Exercise materials:
▶

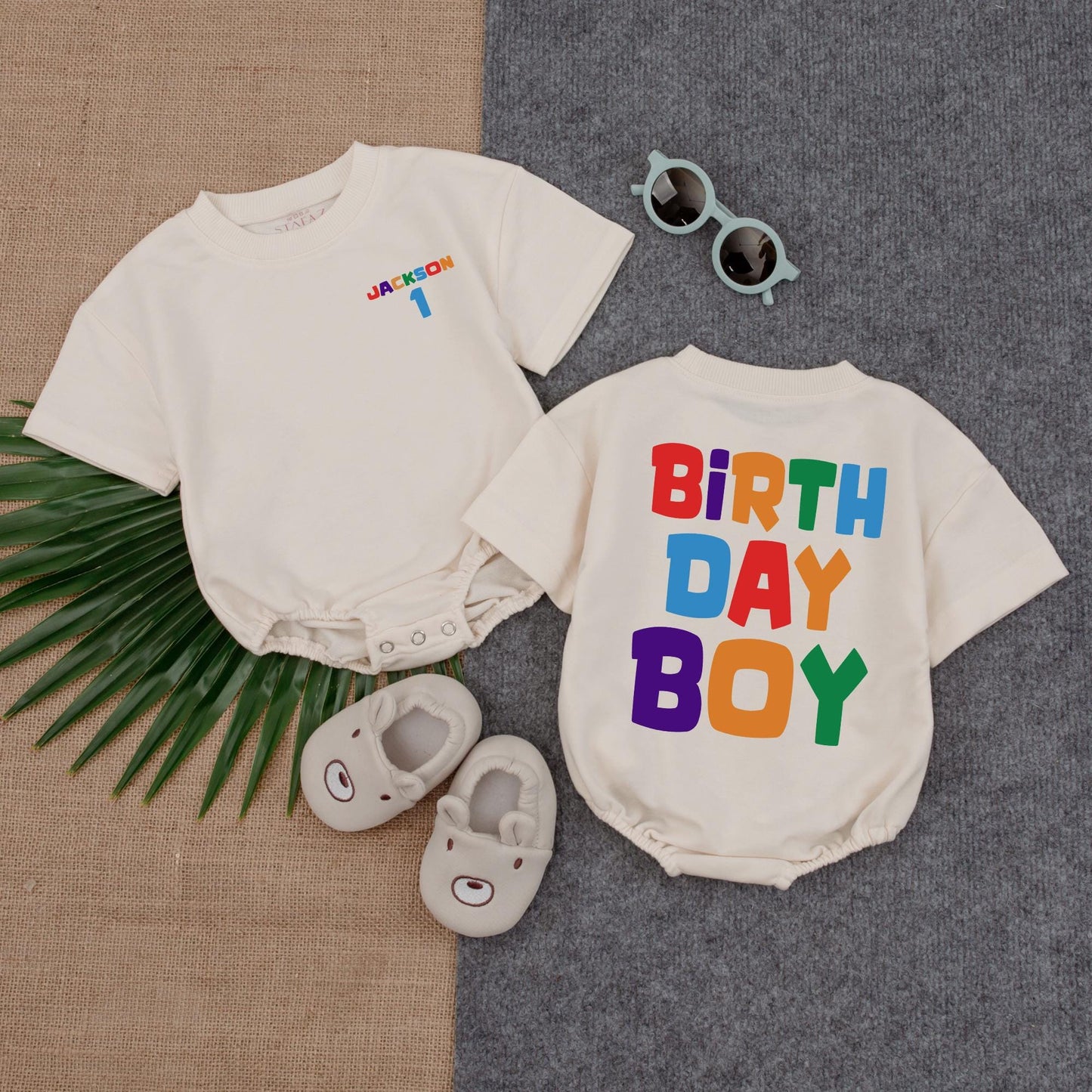 1st Birthday Boy Romper Honey Bee Outfit Short Sleeve Baby Bubble Romper Gift for Boys First Bee Day Summer Clothes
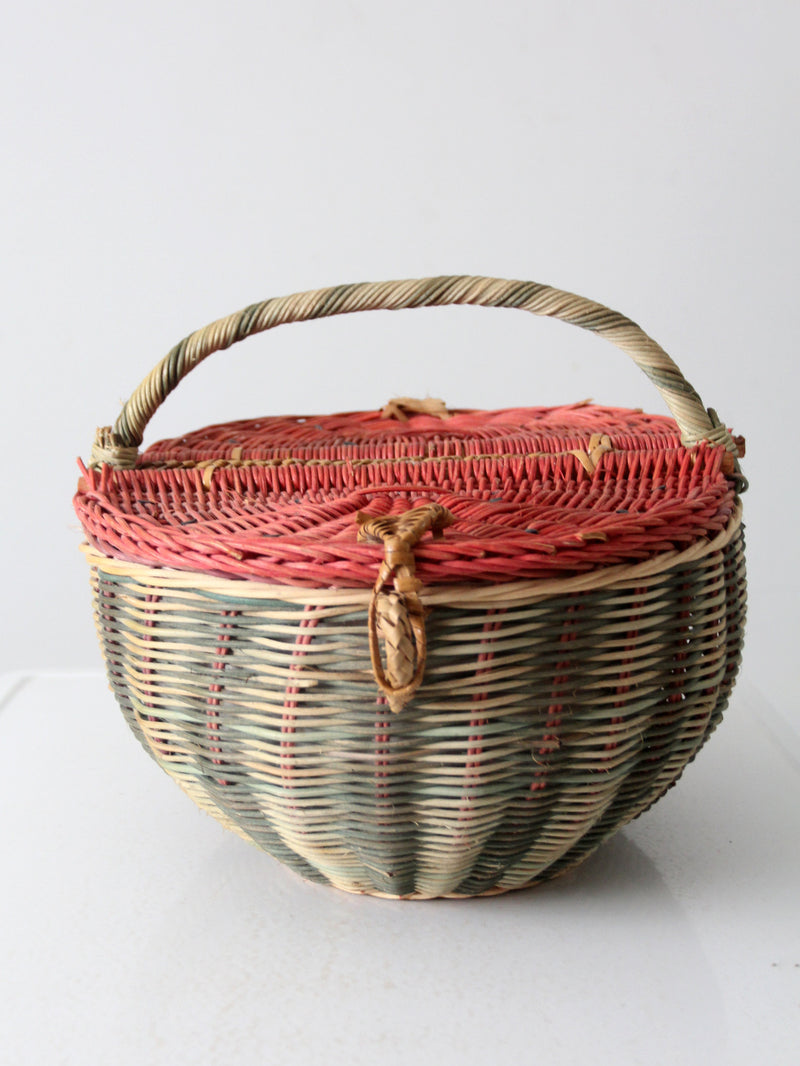 vintage watermelon picnic basket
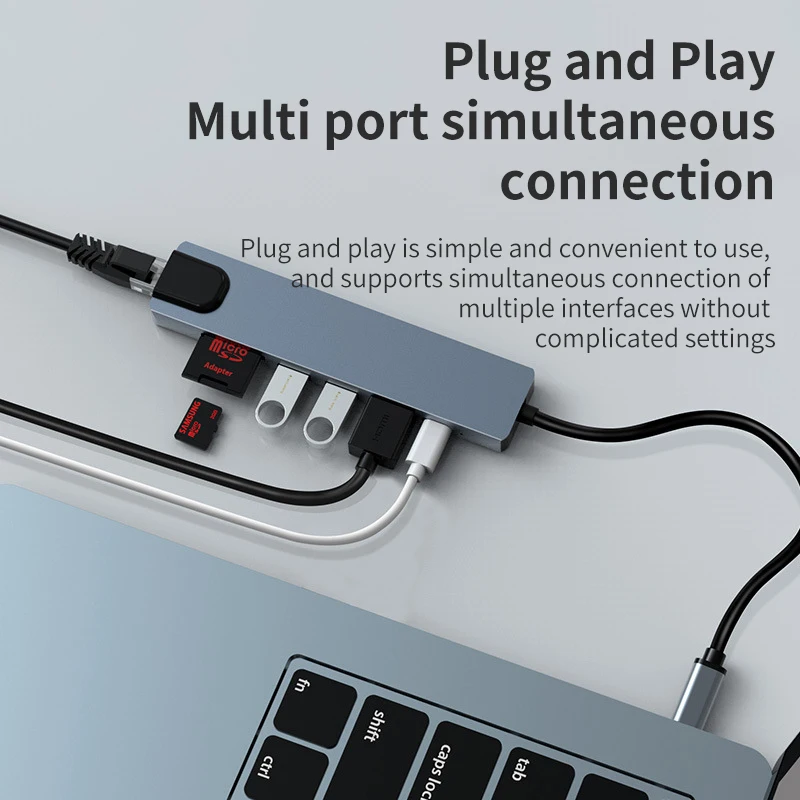 JND 10 في 1 نوع C USB Hub مع إيثرنت 4K HDTV متعدد المنافذ USB 3.0 Hub لمحطة إرساء MacBook Pro USB نوع c محول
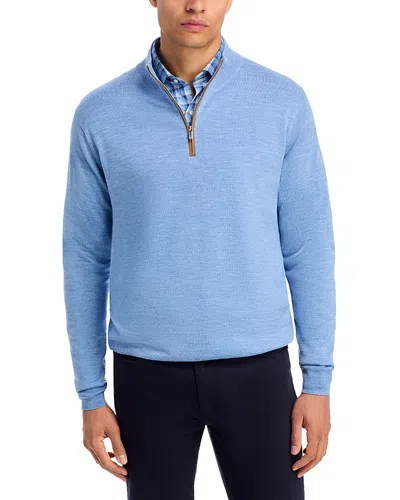 Peter Millar Autumn Crest Suede Trim Quarter Zip Sweater In Blue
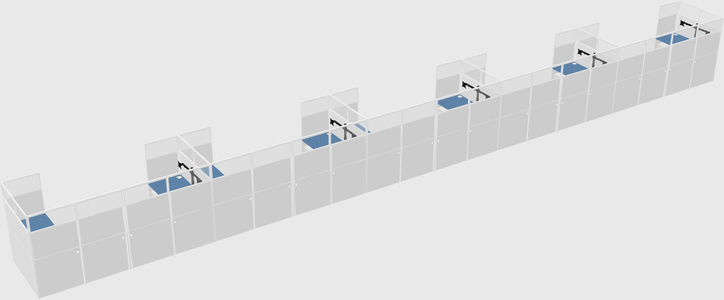 U-shaped cubicle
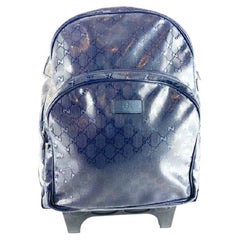 Vintage Gucci Backpack Imprime Rolling Trolley Gg 4g615 Blue Patent Leather Travel Bag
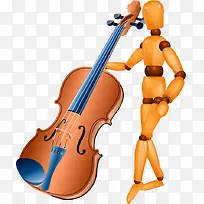木偶人和提琴卡通矢量插画-空若网 木偶人和提琴卡通矢量插画-空若网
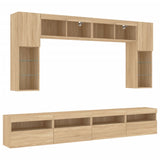 8 Piece TV Wall Cabinet Set with LED Lights Sonoma Oak 3216766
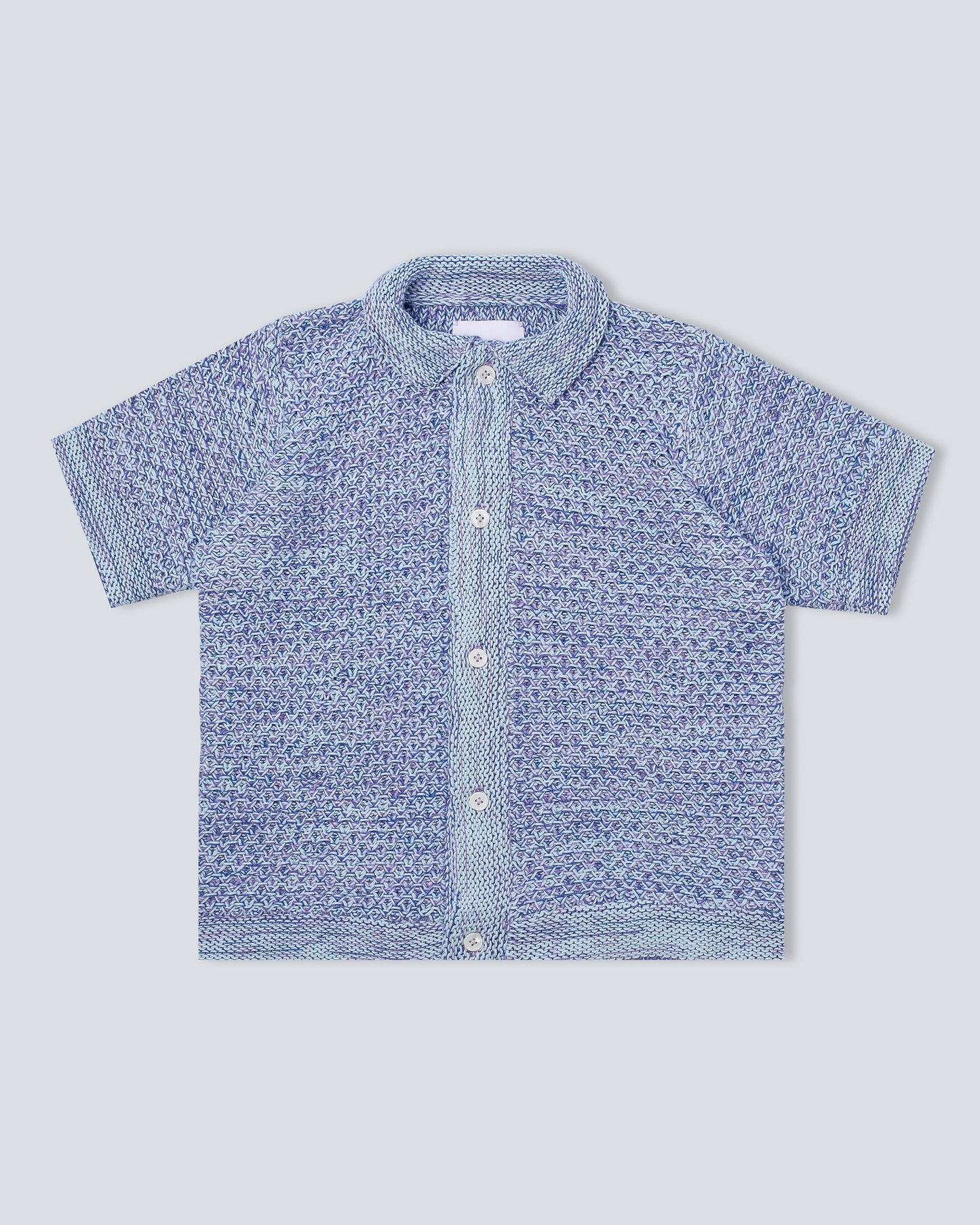 Purple Hand-Loomed Knitted Button Up Shirt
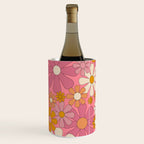 Groovy Pink Retro Garden Flowers 60s 70s Floral Pattern Wine Chiller Gallery Image 2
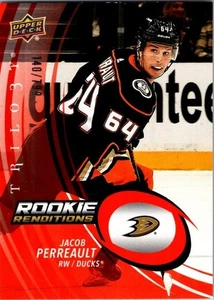 2022-23 Trilogy Rookie Renditions Red /799 RR-18 Jacob Perreault Anaheim Ducks - Picture 1 of 2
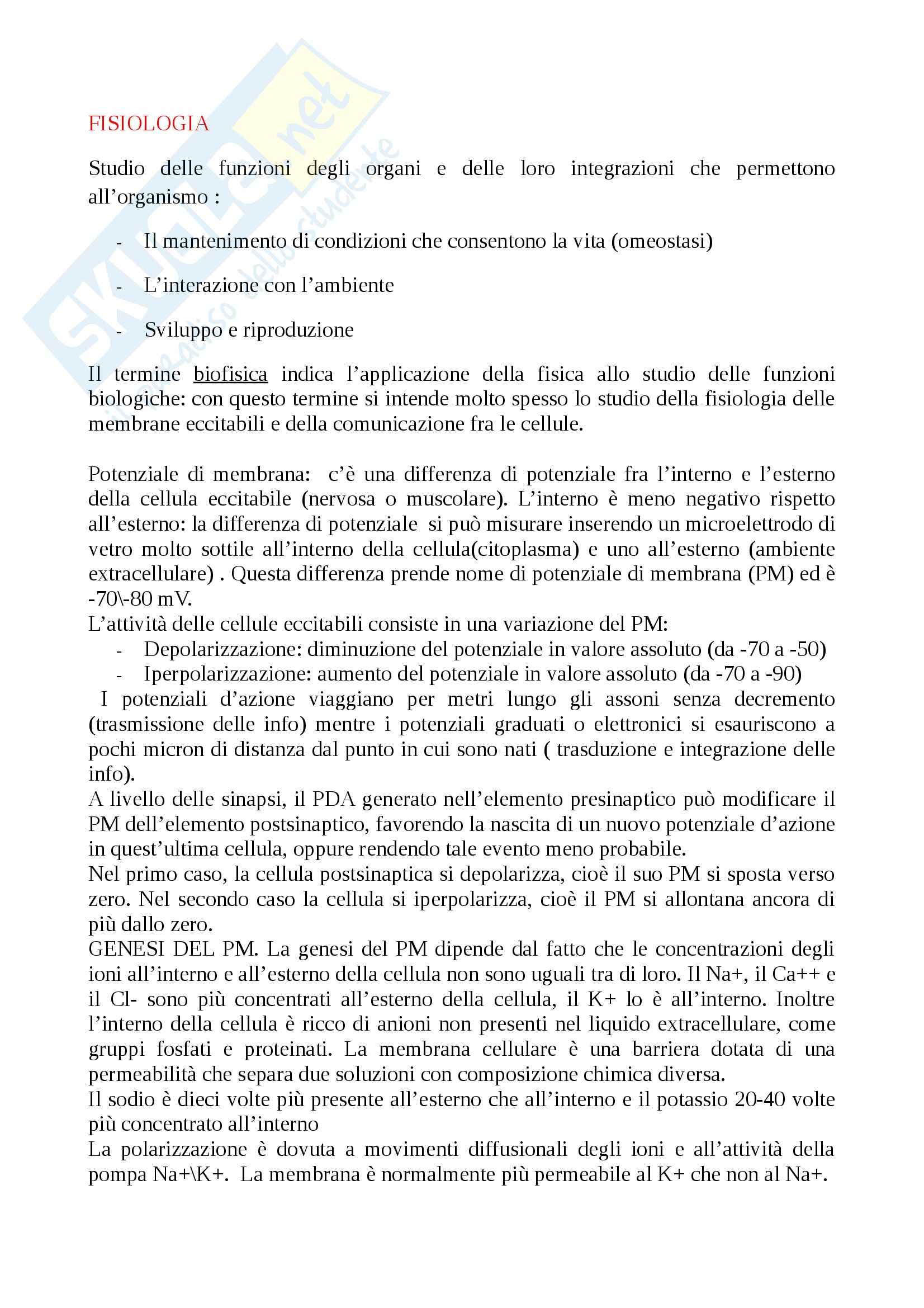 Biofisica, Fisiologia umana Pag. 1
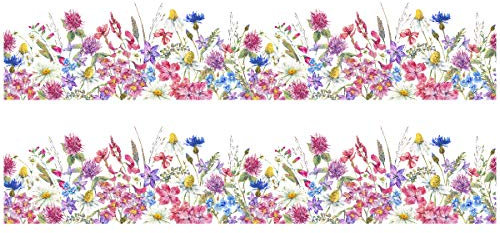 Wandkings Bordüre - Wähle ein Motiv - Aquarell Blumen - 2x selbstklebende Wandbordüren je 100 cm - Gesamtlänge: 200 cm - Höhe: 20 cm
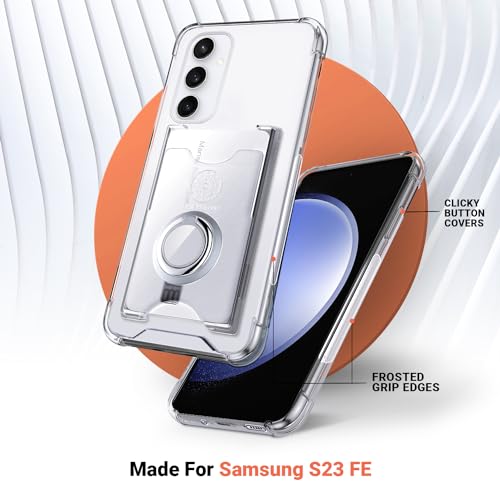 Shields Up for Samsung Galaxy S23 FE Case with Card Holder Stand, Clear - color: Clear, size: Galaxy S23 FE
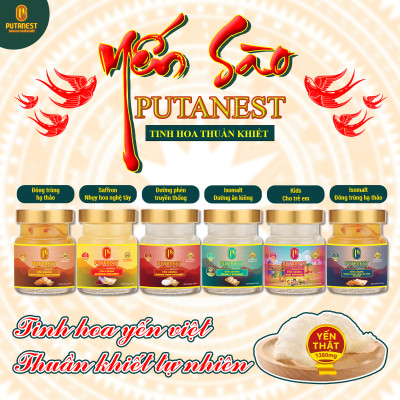 Yến chưng Kids PUTANEST hộp quà tặng cao cấp 12 hũ 70ml tăng đề kháng ăn ngủ ngon bé khỏe mạnh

◀

Directions for this task: Without the images, write out all of the records exactly.

Result below:
 1st Birthday Boy Romper Honey Bee Outfit Short Sleeve Baby Bubble Romper Gift for Boys First Bee Day Summer Clothes
 vintage watermelon picnic basket
 JND 10 في 1 نوع C USB Hub مع إيثرنت 4K HDTV متعدد المنافذ USB 3.0 Hub لمحطة إرساء MacBook Pro USB نوع c محول
 Peter Millar Autumn Crest Suede Trim Quarter Zip Sweater In Blue
 U-shaped cubicle
 Vintage Gucci Backpack Imprime Rolling Trolley Gg 4g615 Blue Patent Leather Travel Bag
木偶人和提琴卡通矢量插画-空若网 木偶人和提琴卡通矢量插画-空若网
 8 Piece TV Wall Cabinet Set with LED Lights Sonoma Oak 3216766
 Purple Hand-Loomed Knitted Button Up Shirt
 Groovy Pink Retro Garden Flowers 60s 70s Floral Pattern Wine Chiller Gallery Image 2
 2022-23 Trilogy Rookie Renditions Red /799 RR-18 Jacob Perreault Anaheim Ducks - Picture 1 of 2
 Biofisica, Fisiologia umana Pag. 1
 Wandkings Bordüre - Wähle ein Motiv - Aquarell Blumen - 2x selbstklebende Wandbordüren je 100 cm - Gesamtlänge: 200 cm - Höhe: 20 cm
 Shields Up for Samsung Galaxy S23 FE Case with Card Holder Stand, Clear - color: Clear, size: Galaxy S23 FE
 Yến chưng Kids PUTANEST hộp quà tặng cao cấp 12 hũ 70ml tăng đề kháng ăn ngủ ngon bé khỏe mạnh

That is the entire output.